Happy Birthday, Justice Stevens!

Today is the 89th birthday of Supreme Court Justice John Paul Stevens. History will remember Justice Stevens as one of our greatest Supreme Court justices, in large part for the work he has done in the past decade. Justice Stevens personifies the argument against term limits and for life tenure.

In celebration of his work, and in light of last week’s historic global warming endangerment finding by the EPA, we wanted to highlight one of our favorite opinions by Justice Stevens, his landmark opinion in Massachusetts v. EPA. Writing for the 5-4 majority, Justice Stevens eloquently dismissed the Bush Administration’s efforts to avoid using its authority under the Clean Air Act to address greenhouse gases:
The alternative basis for EPA’s decision – that even if it does have statutory authority to regulate greenhouse gases, it would be unwise to do so at this time – rest [is this rests?] on reasoning divorced from the statutory text…. If EPA makes a finding of endangerment, the Clean Air Act requires the agency to regulate emissions of the deleterious pollutant from new motor vehicles….

EPA has refused to comply with this clear statutory command. Instead, it has offered a laundry list of reasons not to regulate…. Although we have neither the expertise nor the authority to evaluate these policy judgments, it is evident they have nothing to do with whether greenhouse gas emissions contribute to climate change.
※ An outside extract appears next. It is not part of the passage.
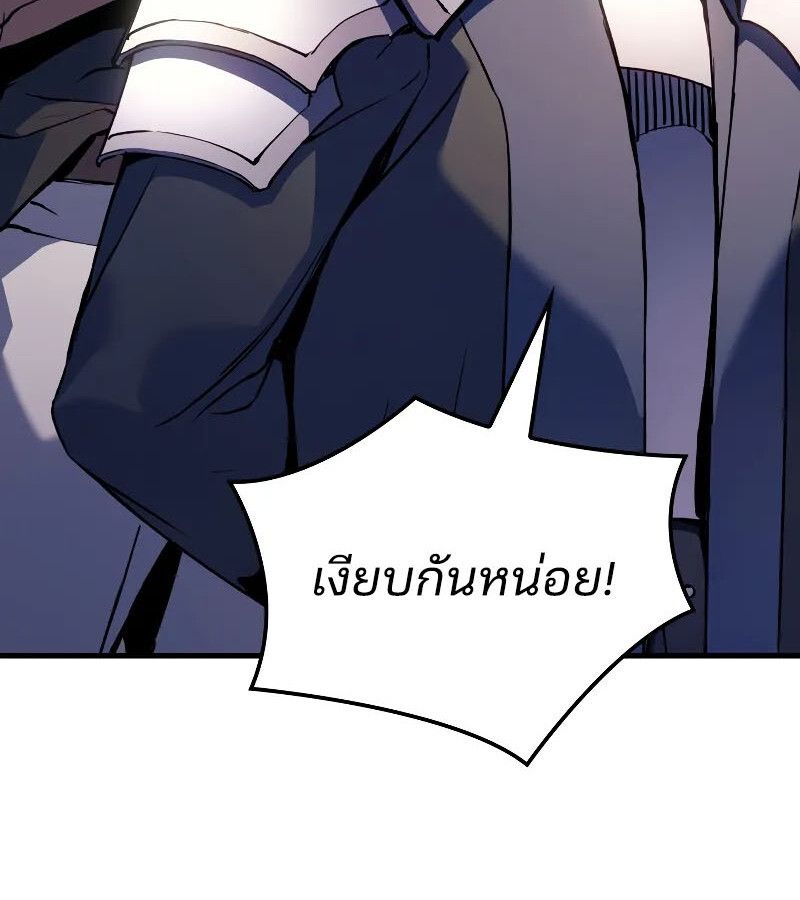 The Indomitable Martial King ตอนที่ 67 41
Still less do they amount to a reasoned justification for declining to form a scientific judgment…

In short, EPA has offered no reasoned explanation for its refusal to decide whether greenhouse gases cause or contribute to climate change. Its action was therefore “arbitrary, capricious …or otherwise not in accordance with law.”
This opinion changed the debate over global warming in this country and paved the way for last week’s endangerment finding. CAC’s predecessor organization, Community Rights Counsel, filed a brief on behalf of a large coalition of local government clients in Massachusetts v. EPA, and we launched our Warming Law blog the day after the case was decided. We wish Justice Stevens a very Happy Birthday, and many more years on the Court!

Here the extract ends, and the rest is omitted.